Firefox goes through about a million versions a year these days, and after a major upgrade last fall (to Firefox Quantum) most of the existing plugins, including the SQLite Manager, were no longer compatible. An upgrade it highly unlikely, as a few things changed under the hood of Firefox that makes the plugin unusable. While it still works on the Firefox Extended Support Release, in the long run the writing is on the wall.

Hello DB Browser for SQLite!

After searching through many alternatives I discovered the DB Browser for SQLite. It runs on Windows, Mac, and Linux and there’s a version for mobile. It was easy to install and has a clean interface. It provides a number of convenient tools and menus that you can use in place of writing SQL DDL, and in some cases it expands the functionality of SQLite by enabling a number of ALTER TABLE commands that are not part of SQLite SQL (like renaming and dropping columns). The Browse Data window makes it easy to quickly thumb through, sort, and filter records and to edit individual values by hand. The Execute SQL window has auto-complete and color-coded syntax, and you can see the database schema in one tab as you write your SQL in another (making it easy to reference table and column names). You can import and export data as CSV (or any delimited text file) or SQL files, and you can save the results of SELECT queries as CSV.

One interesting addition is that there’s actually a Save (Write Changes) and Undo button. So when you create, modify, or drop records, columns, or tables you see the result, but the act isn’t final until you commit the changes. A nice safety feature, especially for db novices.

DB Browser for SQLite - Browse

Browse Data

DB Browser for SQLite - SQL

Execute SQL and View DB Schema

I encountered a few quirks, but nothing insurmountable. I was using the nightly build version without realizing it, and when importing a CSV file the database takes a best guess as to what the data types for the columns should be. Even though the import screen gives you the option to specify that values are quoted, my quoted numeric fields were still saved as numbers and not text. As a result, ID codes like FIPS or ZIP Codes lose their leading zeros and are saved as integers.

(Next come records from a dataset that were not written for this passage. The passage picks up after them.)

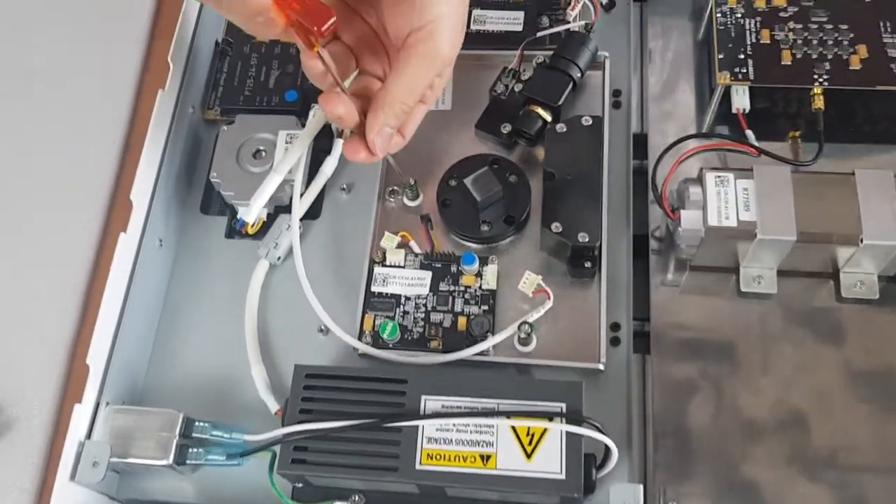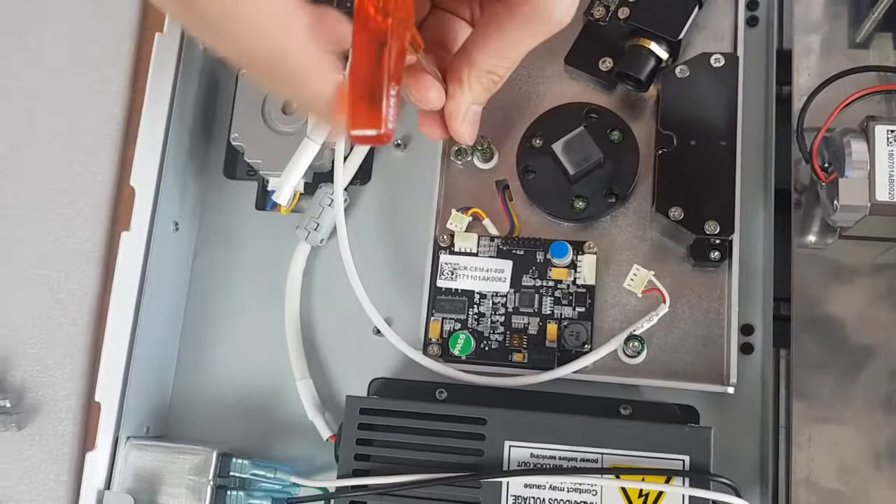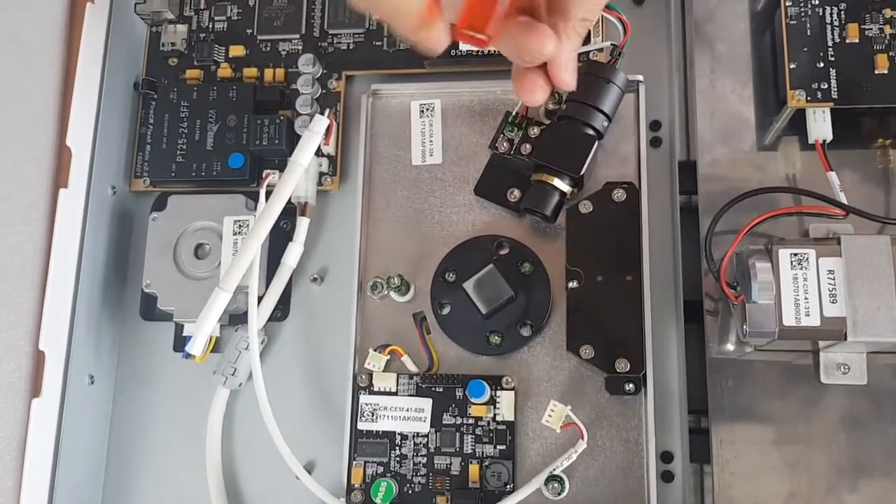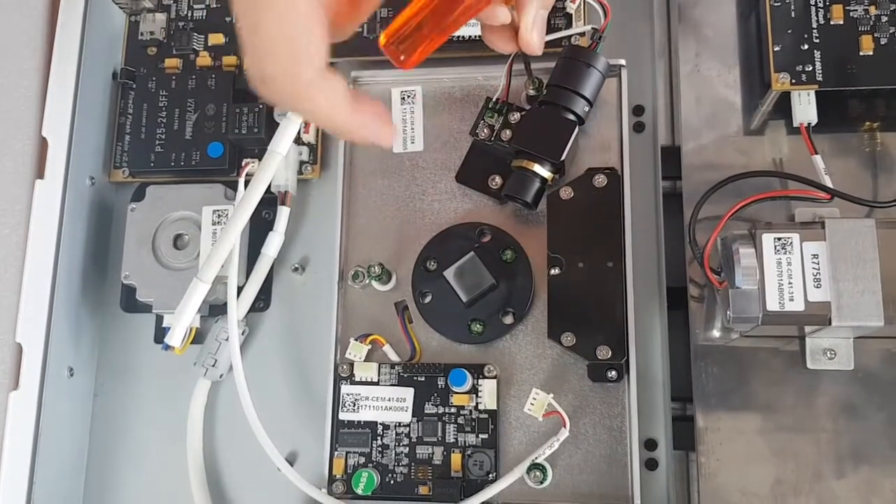You don't necessarily have to take these out. Just loosen them up until the point where you can lift the optic plate up.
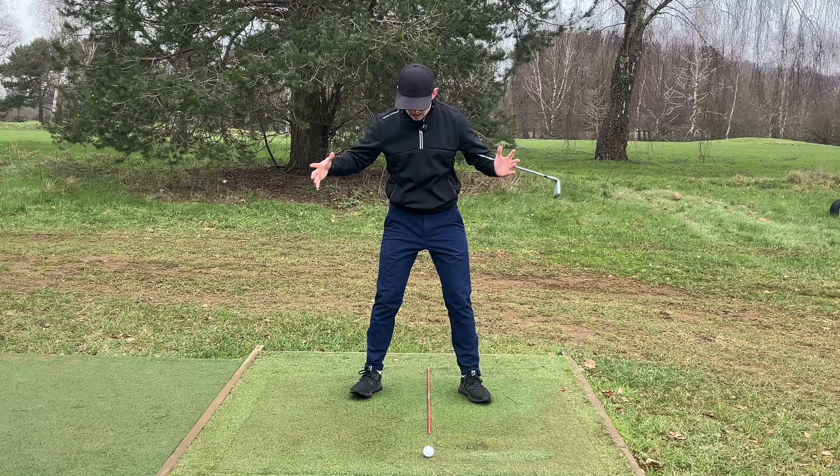To summarize the three ball positions: with a driver, position the ball underneath the left armpit and left shoulder. For anything from a three-wood off the ground down to a nine iron, position it off the left ear. With a wedge, it's more underneath the left eye. For a three-wood off the ground, treat it like an iron with the ball off the left ear; if it's off a tee, you can play it slightly further forward, more underneath the left armpit. Use those reference guides and it's going to help you produce a functional ball position and great golf shots.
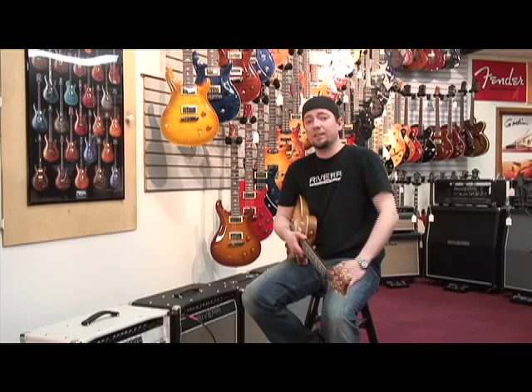Hopefully that was helpful in understanding what the Rivera can do. As you can see, you can get everything from really clean to all gained-out crazy with one amplifier. I love Rivera's — I love mine, and I wouldn't give them up for anything. Thanks for listening, and I'll talk to you soon.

The project is managed on github, so I went ahead and posted an issue. The developers were super responsive, and a discussion ensued over whether this behavior was desirable or not. We found two work-arounds. First, if you build an empty table with the desired structure, and then go to import the CSV, if you provide the name of that empty table as the new table name the db will import your data into that table. Alternatively, if I went and downloaded the latest stable release (3.10.1) the default behavior is that all columns are imported as text, which is a safer bet. You can use the GUI to change the types after import. The issue was marked as a bug, and will be addressed in a future release – one possible solution is to provide an option to turn the autodetect feature on (to determine what the types should be) or off (to import everything as text).

The browser also has a feature to attach a database to the current database, but when you do the attachment it appears like nothing happened – you can’t see  or browse the objects in database number two. But it IS attached (you can see every statement that’s been executed in a helpful log window) and you can copy a table from one db to the other like this:

CREATE TABLE sometable AS
SELECT *
FROM database2.sometable;

You run this within the current database, and database2 is the attached database (when you attach a db you provide an alias for referencing it).

These are minor quibbles. The DB Browser for SQLite is cross-platform, stable, has a clean interface with nice features, and is actively developed by a responsive and friendly team. I’ll be using it for all my SQLite tasks and projects, and will recommend it to others.

Spatialite?

An alternative I considered was to simply use the Spatialite GUI for both regular and spatial databases. It also has a simple, solid, and functional interface and supports spatial SQL, giving you the best of both worlds. So why not? While it works great for my own purposes it’s not something I can recommend to new users who are not GIS folks, either in my work or in the census data book I’m writing. Just figuring out where to download it from the website is overly complex, and while there are binaries for MS Windows there are none for Mac users. You’d have to install it from the source files, which is over the top for novices. Linux users may get lucky and find it in their software repos (it’s included for Debian and Ubuntu). The database browser in QGIS has matured in recent years, so that’s another option for GIS users who want to work with Spatialite or PostGIS.

Now if we only had a good GUI for PostgreSQL… I tried pgAdmin 4 about a year ago, and it was so bad that I’m still clinging to pgAdmin III as long as it still lives. But this is a different story, and one I’ll return to and investigate fully when it comes time to teach my spatial database course next year.